-- Opening Marker --

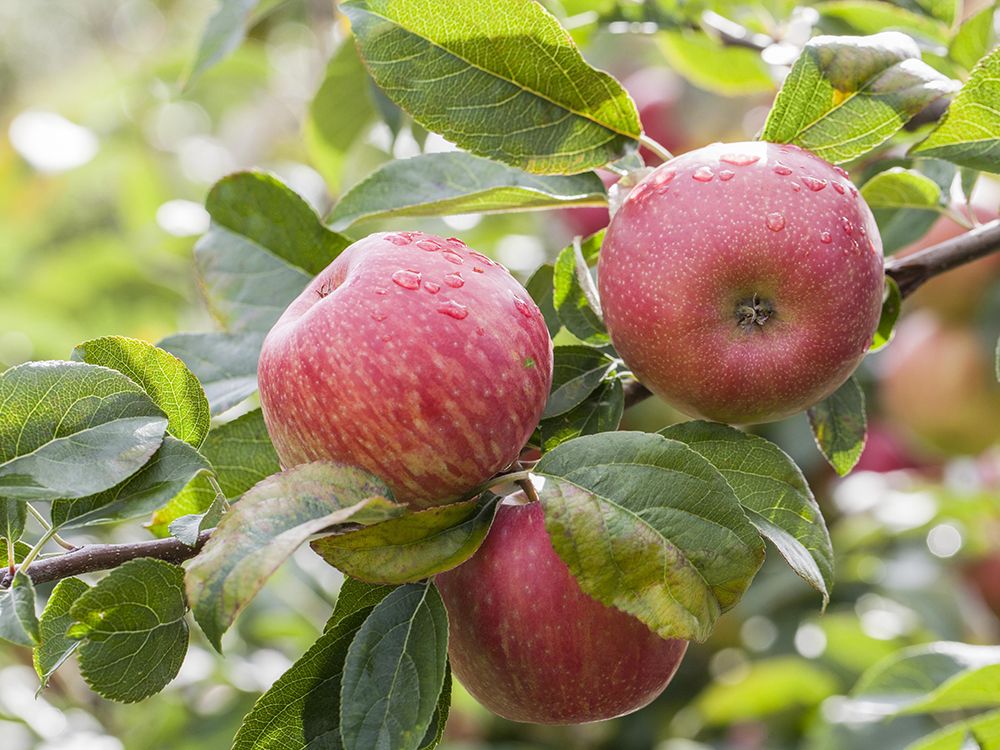 Schnitt & Pflege von jüngeren Obstbäumen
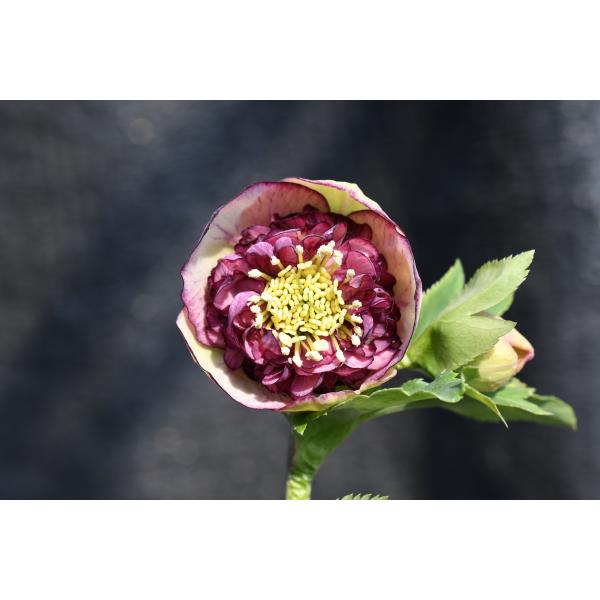 クリスマスローズ開花株 SDモーリー毬姫 445 現品限り : 金井園芸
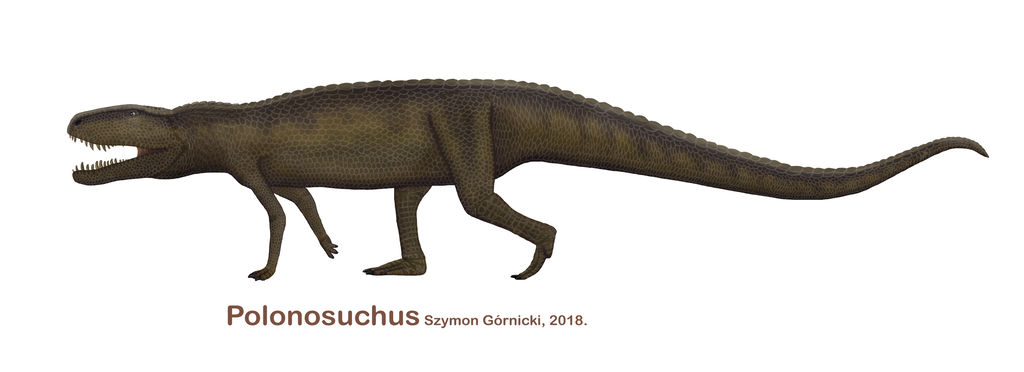 polonosuchus_2018_by_szymoonio_dcf0z9t-fullview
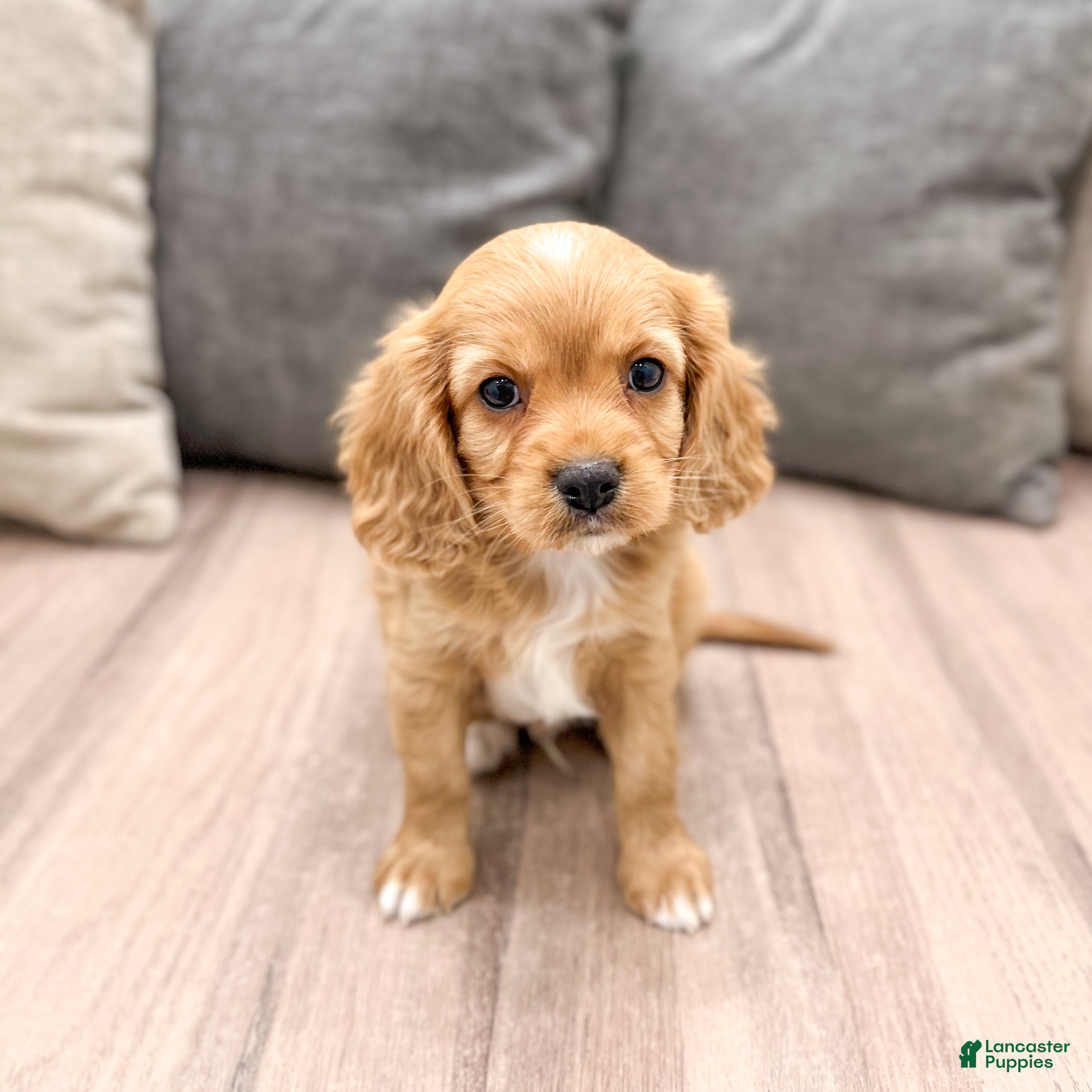 Cavapoo dogs Diesel - Ad 1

-- Closing Marker --

What to produce: Your output should be the lines from the one with "クリスマスローズ開花株 SDモーリー毬姫 445 現品限り : 金井園芸" through the end of the listing, copied exactly and with the pictures left out.

Solution below:
 クリスマスローズ開花株 SDモーリー毬姫 445 現品限り : 金井園芸
 polonosuchus_2018_by_szymoonio_dcf0z9t-fullview
 Cavapoo dogs Diesel - Ad 1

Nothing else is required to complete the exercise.